Medamerikan Tıp Merkezi Beslenme Uzmanı Müge Arslan, Ramazan ayında dengeli ve yeterli beslenmenin 10 altın kuralına vurgu yaparken, değişen öğün sayısında yemek miktarının abartılmamasını öneriyor. Müge Arslan oruç tutanlara altın tavsiyelerini sıraladı.

Ramazanda Sağlıklı Beslenebilmek İçin 10 Altın Kural

1. Mutlaka sahura kalkılmalı, sahurda hafif besinler tüketilmeli.

2. Sıvı ihtiyacını karşılamak için, günde 2-2,5 litre su tüketilmeli.

3. İftarda ilk önce hafif, az yağlı gıdalarla yemeğe başlanılmalı.

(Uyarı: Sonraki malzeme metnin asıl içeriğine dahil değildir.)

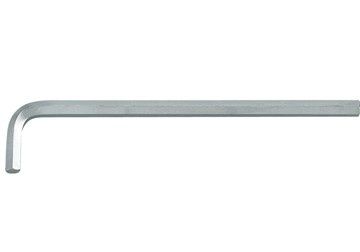 Lục giác 12 Kingtony 112512MR - hình ảnh sản phẩm thực tế 1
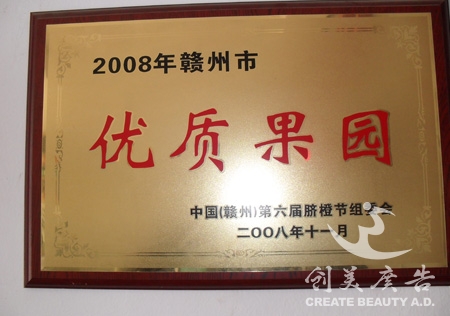 &#20061;&#28216;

4. Yemekler yavaş yavaş ve az porsiyonlarda tüketilmeli.

5. Kan şekerini hızla yükselten besinler yerine posa miktarı fazla kepekli ürünler tercih edilmeli.

6. İftarda kızartma ve yağlı besinler yerine ızgara, haşlama, buğulama yöntemleri kullanılarak pişirilmiş hafif yemekler tercih edilmeli.

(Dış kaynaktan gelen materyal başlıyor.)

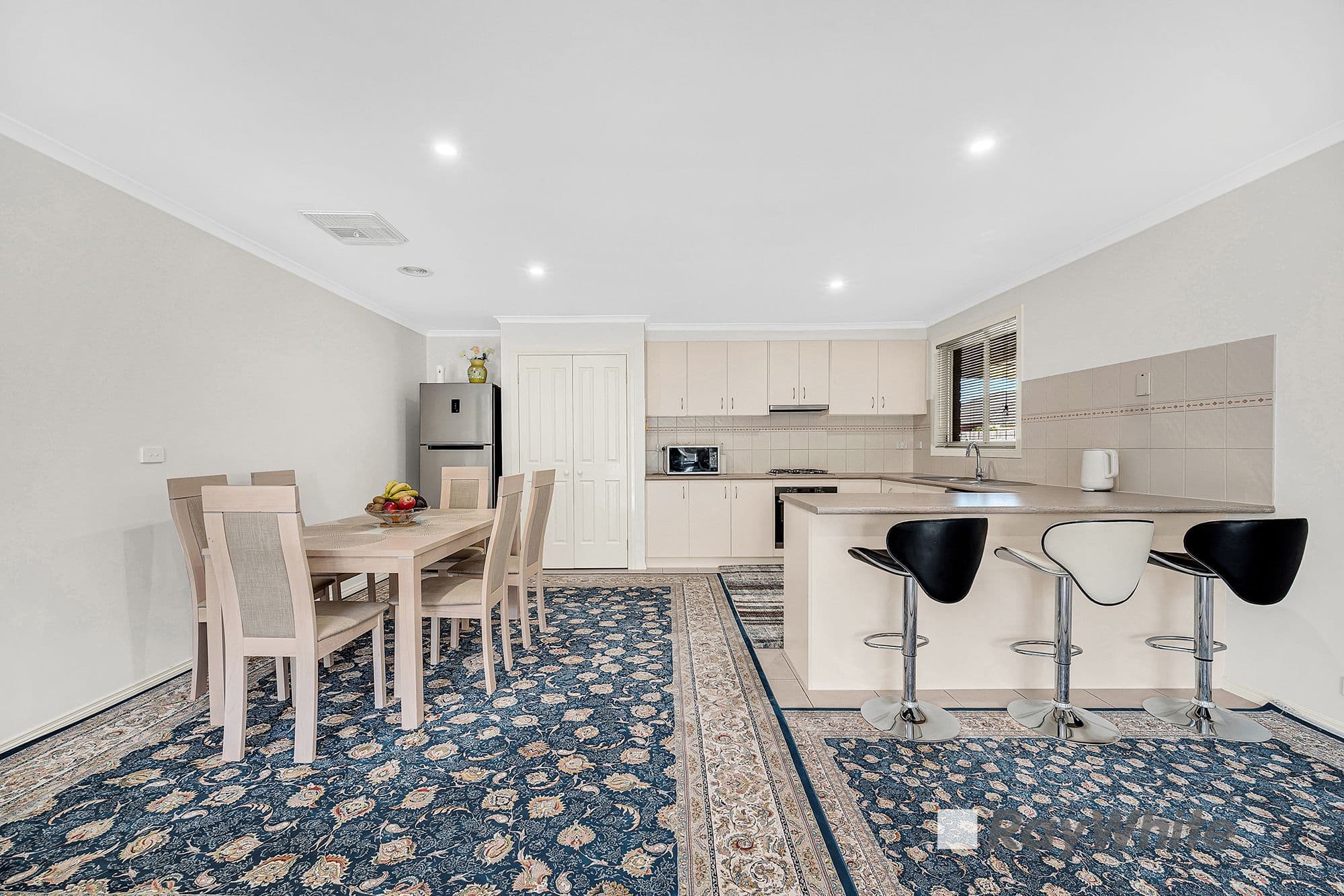 54 Chisholm Crescent, Narre Warren South VIC 3805, Narre Warren South - Thumbnail 5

7. Tatlı tüketmek istiyorsanız, hamurlu, ağır tatlılar yerine sütlü hafif tatlılar tercih edilmeli.

8. Ara öğün olarak meyveye yer verilmeli.

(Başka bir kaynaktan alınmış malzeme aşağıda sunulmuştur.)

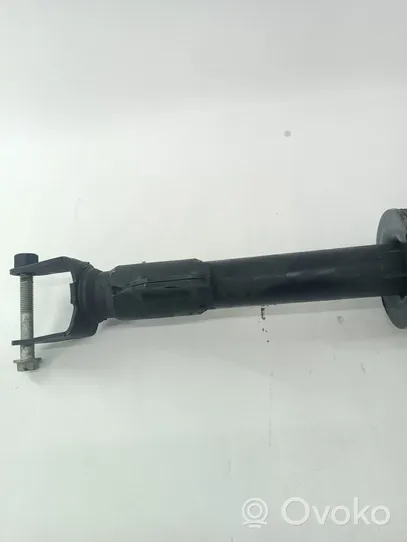 Dodge Challenger Front shock absorber/damper P68079070AE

9. Haftada 3 kez düzenli hafif egzersize devam edilmeli.

10. İftar mönüsünü hazırlarken her grup besinden dengeli bir mönü hazırlamaya özen gösterilmeli.

MUTLAKA SAHURA KALKIN!

Sahuru atladığınız zaman ortalama 18 saat gibi uzun bir süre aç kalmanıza ve metabolizma hızının yavaşlamasına neden olur. Uzun süre açlıklarda kan şekeri ve tansiyon düşer, boş midede asit salgısı artar. Halsizlik, baş ağrısı görülebilir. Sahur öğününde genellikle; yağ oranı düşük, protein içeriği yüksek, kan şekerini hızlı yükseltmeyen kompleks karbonhidratlardan oluşan bir öğün olması en idealidir. Sahur öğününü kahvaltı tarzında yapılmalıdır. Örneğin; Süt, peynir, zeytin, kepek ekmek, domates, salatalık, biber, reçel gibi kahvaltılık besinler veya süt, yulaf gevreği, meyve gibi besinlerden oluşan hafif bir öğün tüketmek en doğrusudur.

İFTARDA HAFİF AZ YAĞLI BESİNLER TÜKETİN!

İftar zamanında çok fazla yemek yiyerek midenizi doldurmayınız. Mide gerginliği tansiyonun yükselmesini sağlar. Son yapılan araştırmalar yoğun yemek sonrasında kalbe binen yük nedeniyle kalp krizi riskinin olduğu yönündedir. Yavaş ve az miktarlarda sık yemeye özen gösterilmelidir. Yemekler arasında sıvı alınmalı ki besinlerin sindirimi kolaylaşsın ve ertesi gün susuzluk hissi olmasın. Orucu ilk olarak 1 su bardağı su içtikten sonra, hurma, peynir, domates, zeytin, kepek ekmek ile orucunuzu açmalı veya çorba etli sebze yemeği gibi hafif yiyeceklerle iftara başlanmalı. Bir orta boy pideyi sekiz dilime bölüp bir dilimini alınmalı. Sindirime zaman tanımak adına 15-20 dakika sonra az yağlı/ızgara et yemeği, kurubaklagil, sebze yemeği, salata, ayran, cacık gibi yemeklerle devam edilir. İftarı geniş bir zaman dilimine yayarak ve yemekler yavaş tüketmelidir. Her yudumdan sonra çatal, kaşık ve bıçağı bırakarak tekrar alma tekniğini kullanmak kişiyi yavaşlatacaktır. İki saat sonra; yarım paket bisküvi veya bir porsiyon meyve ve 1 adet diyet bisküvi veya masum bir sütlü tatlı tüketilebilir.

RAMAZAN AYINDA YAPILAN EN BÜYÜK YANLIŞLIKLAR;

ÇOK YEMEK; Bütün gün aç kalındığı için iftarda vücudun ihtiyacından çok daha fazla yemek yenir. Boş olan mideye bu kadar çok yemek yüklendiğinde, sindirim zorlaşarak, bu da midede ağırlık, ekşime, yanma, bulantı, uyuklama gibi sorunlara yol açar. Barsaklarda ise şişkinlik, kabızlık ve gaz gibi problemler oluşabilir.

ÇABUK YEMEK: Yapılan en büyük yanlışlardan biri de çok çabuk ve yeterince çiğnemeden yemek yemedir. Beyin doyma emrini 15-20 dakikada verir, çabuk yemek yenildiği zaman doyma emrini henüz alamadığı için kendimizi hala aç hissederiz ve gereğinden fazla yeriz.

SAHURA KALKMAMAK YA DA SAHURDA ÇOK YEMEK: Bütün gün boş kalan midede asit salgısı artacak ve bu da çeşitli mide rahatsızlıklarına yol açacaktır. Bunun dışında açlık kan şekerinin düşmesi, tansiyonun azalması gibi sorunlarla da karşılaşılacaktır.

İFTARI SİGARA İLE YAPMAK: Aç karnına içilen sigaranın zararları çok daha fazla olduğu için yemekten önce sigara içilmemelidir.